• **Your instructions**
Restate, exactly as written, the entries below from the line that holds "SANDRA BULLOCK Out" through the line that holds "3x5FT Flag Banner". Pictures are not part of the copy.

• **Information**
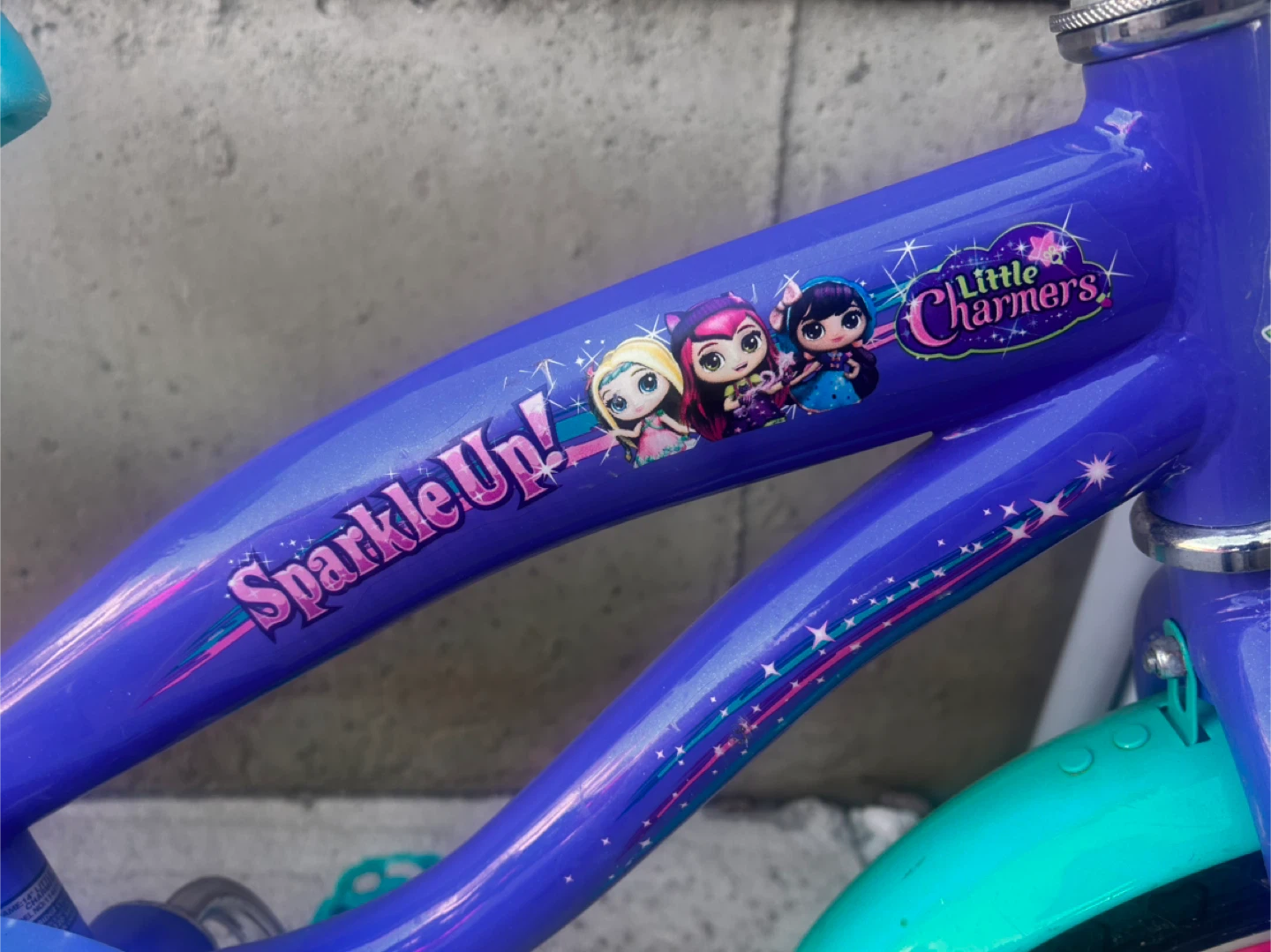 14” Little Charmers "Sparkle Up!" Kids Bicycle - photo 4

==

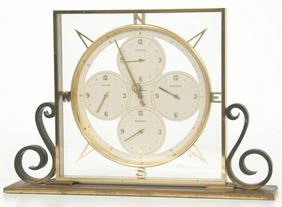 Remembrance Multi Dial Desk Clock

==

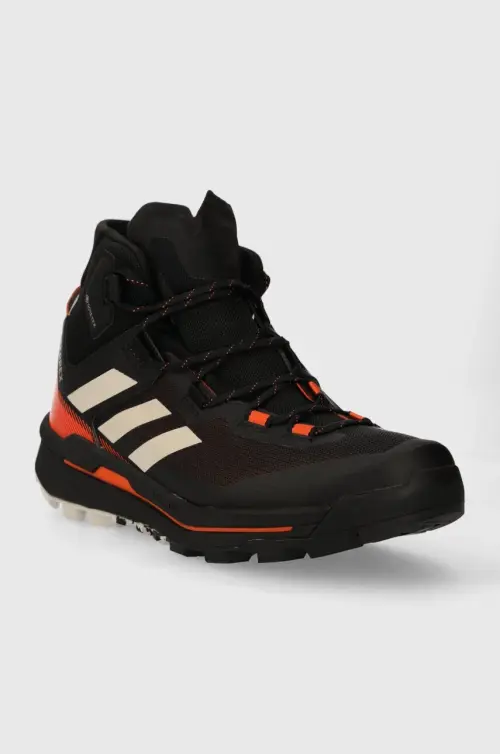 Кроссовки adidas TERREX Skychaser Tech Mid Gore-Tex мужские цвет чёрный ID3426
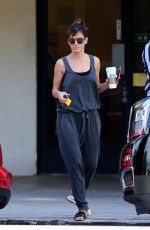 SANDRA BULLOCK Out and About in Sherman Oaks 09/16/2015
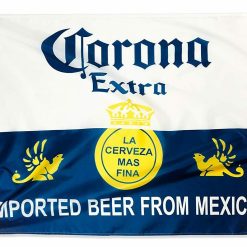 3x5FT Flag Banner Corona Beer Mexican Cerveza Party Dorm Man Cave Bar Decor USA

• **Exercise answer**
 SANDRA BULLOCK Out and About in Sherman Oaks 09/16/2015
 3x5FT Flag Banner Corona Beer Mexican Cerveza Party Dorm Man Cave Bar Decor USA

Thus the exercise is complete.